While the government is giving loans for social housing to those who own land, this again will not apply if there is not the infrastructure in place.
So a Green MOW provision of the infrastructure ensures this land is enabled for housing.
Can you give an example?
How? The fund is not yet established.
Infrastructure investment, such as in broadband roll-out, is very productive.
Being able to manage road loss and preventing flood damage is essential to maintaining the existing economy, which is not nothing.
The Green fund is for broadband rollout? I thought National did that 10 years ago.
And roads? There's NZTA and Council funds for that already.
Is this proposal more than a large Jobs For Nature?
It needs a whole bunch more than a media release and a set of bullet points on a website.
1.You claimed infrastructure spending was not productive. I gave an example.
Maintaining infrastructure for the existing economy also has value.
2.Yes, roads are replaced once lost – but this takes time and impacts on the economy. Such as coastal shipping allows them to cope – the navy ship will not always be available. We either have ship/ships available, or have access to one/them when needed.
3.Councils are developing plans for flood protection, but will lack the resources to enact them.
The infrastructure proposed for being spent is unproductive and isn't being paid for by the fund. Irrelevant example.
If this fund is proposed as a part replacement for NLTF then it should say so.
This isn't a policy yet it's a flag-wave while they think about writing one.
Coastal shipping has nothing to do with NLTF.
Many provincial areas cannot afford the cost of flood protection.
Labour agreed to a PGF, sans details.
Ok, but then how would these essential jobs get done? eg tree planting.
How many more volunteer groups planting trees and weeding and watering does New Zealand need? We have thousands. It just sounds like Jobs For Nature again.
Also it depends on the kinds of trees. I don't want to subsidise pine trees when there are plenty of companies doing it already. But I'll sure be up the Lindis Pass this weekend planting tussock and some hardy Meulenbeccia.
https://climateandnature.org.nz/solutions/new-zealand-ecosystems/forests/
from a climate pov, we need a lot more tree planting than volunteers can manage, they already have their hands full.
It *is Jobs for Nature.
If you're not into the mass planting of trees, then isn't the job creation an essential part of the economy?

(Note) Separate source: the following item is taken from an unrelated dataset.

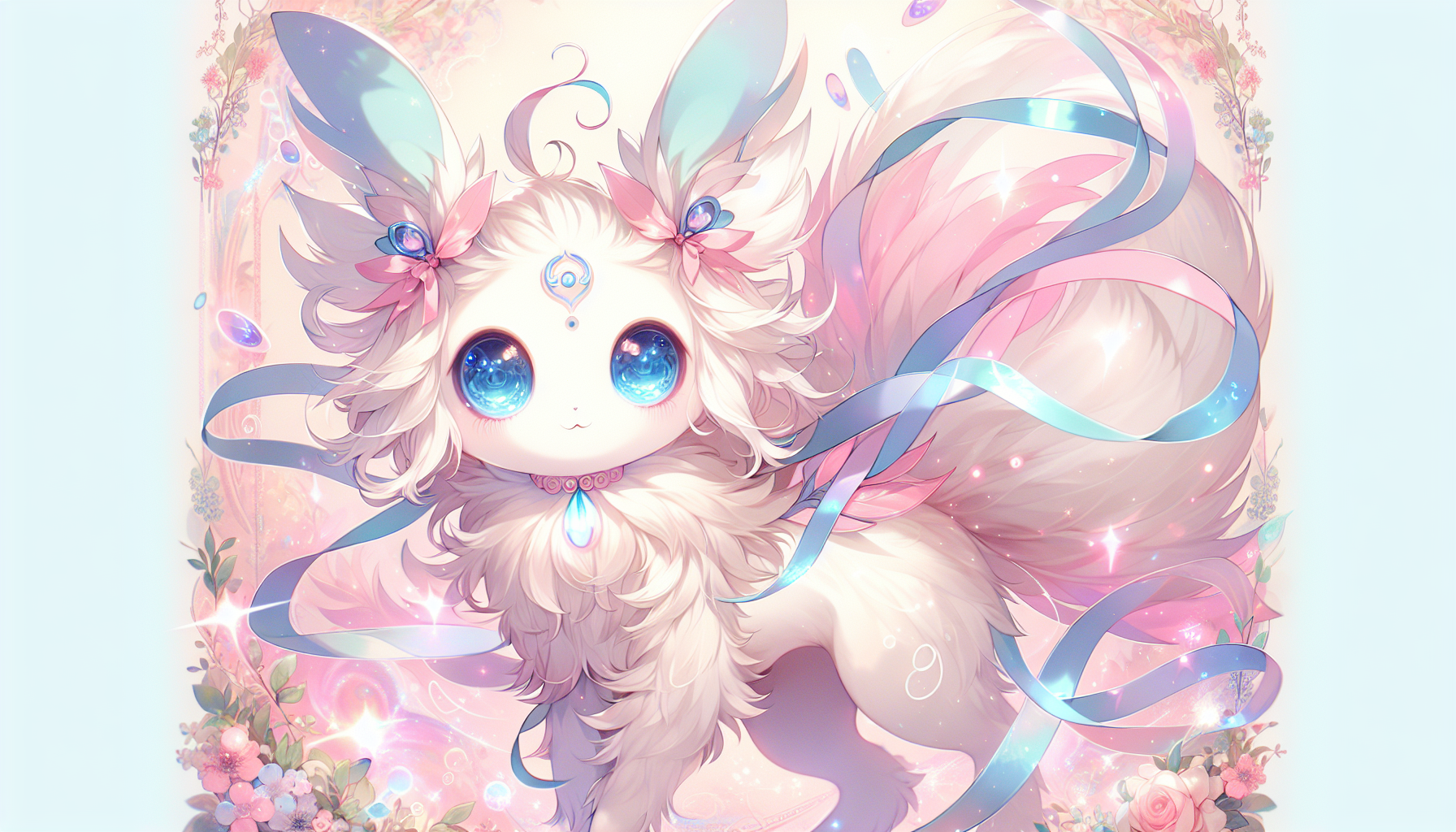 仙子伊布演出招牌妖精招式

Many of those voluntary work projects (some near waterways, others in protected areas) often take years because they lack the labour.

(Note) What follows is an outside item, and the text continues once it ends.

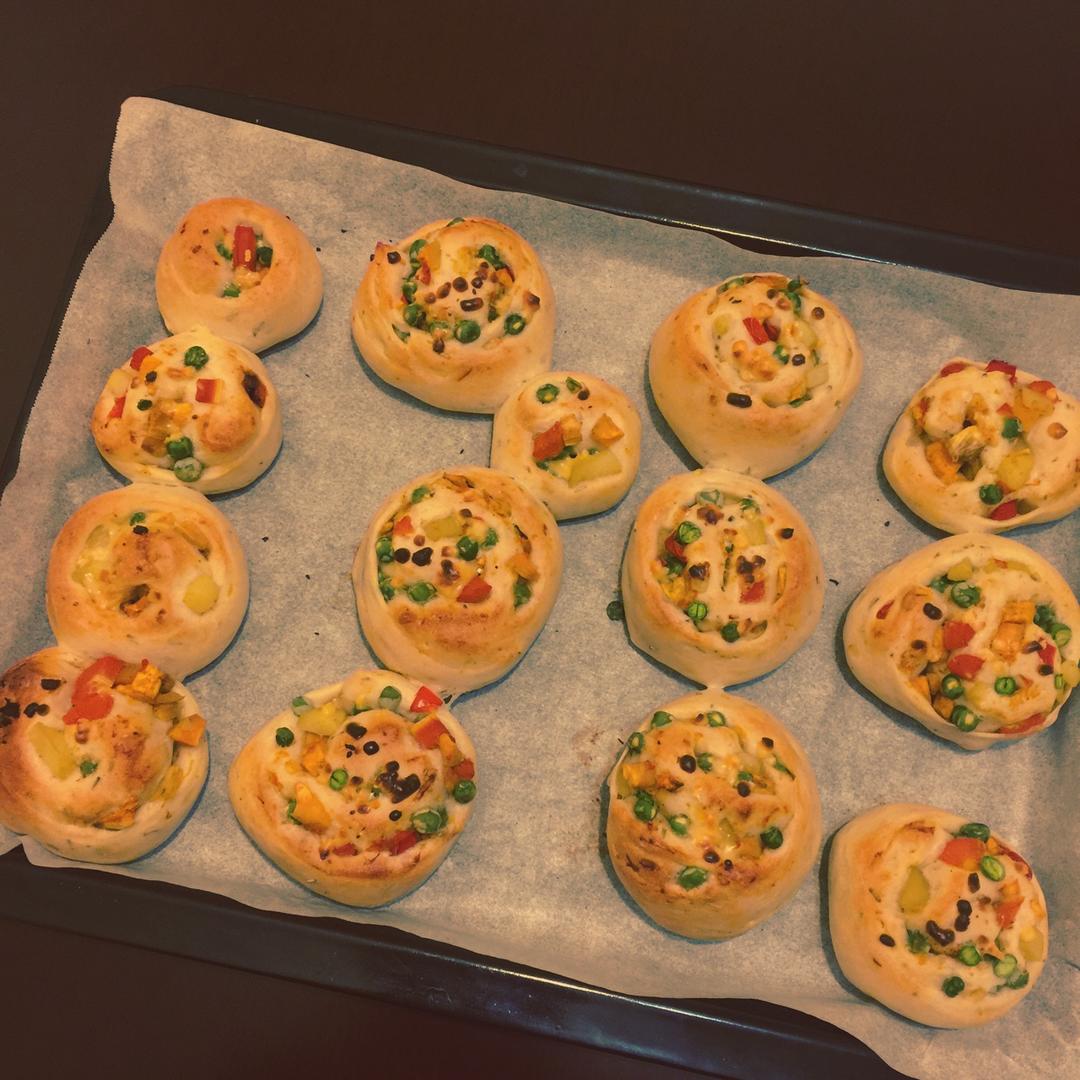 意式蔬菜面包卷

Funding that labour changes the time frame.
speaking of Jones, in the 2017 election campaign, the Greens Kiwi Climate Fund policy included this,
no link, it's from a PDF I have on my laptop.
my memory of that election was that because NZF held the balance of power, they were able to take the policy and turn it into the pine plantation scheme that Jones wanted (because jobs/economy mattered more than climate/ecology).

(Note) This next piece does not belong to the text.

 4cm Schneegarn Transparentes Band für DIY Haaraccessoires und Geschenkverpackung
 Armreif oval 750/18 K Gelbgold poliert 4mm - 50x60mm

I feel very confident that GP policy will focus on native restoration, and mixed forestry, where land restoration is the priority.
This is great.
This is what I like about the Greens, real hands on stuff that can be pointed at. Better than anything from this regime and better than what I have heard from labour.
The Provincial Growth Fund was popular …in the provinces. Although I heard some criticism of it up North when a mate pointed to several BIG piles of railway sleepers intended for upgraded/maintenance of rail that looks like they wont be used.
A Ministry of Works! Dare to dream. Solar installs on every school to start with.
The concept is there, they need more help with funding.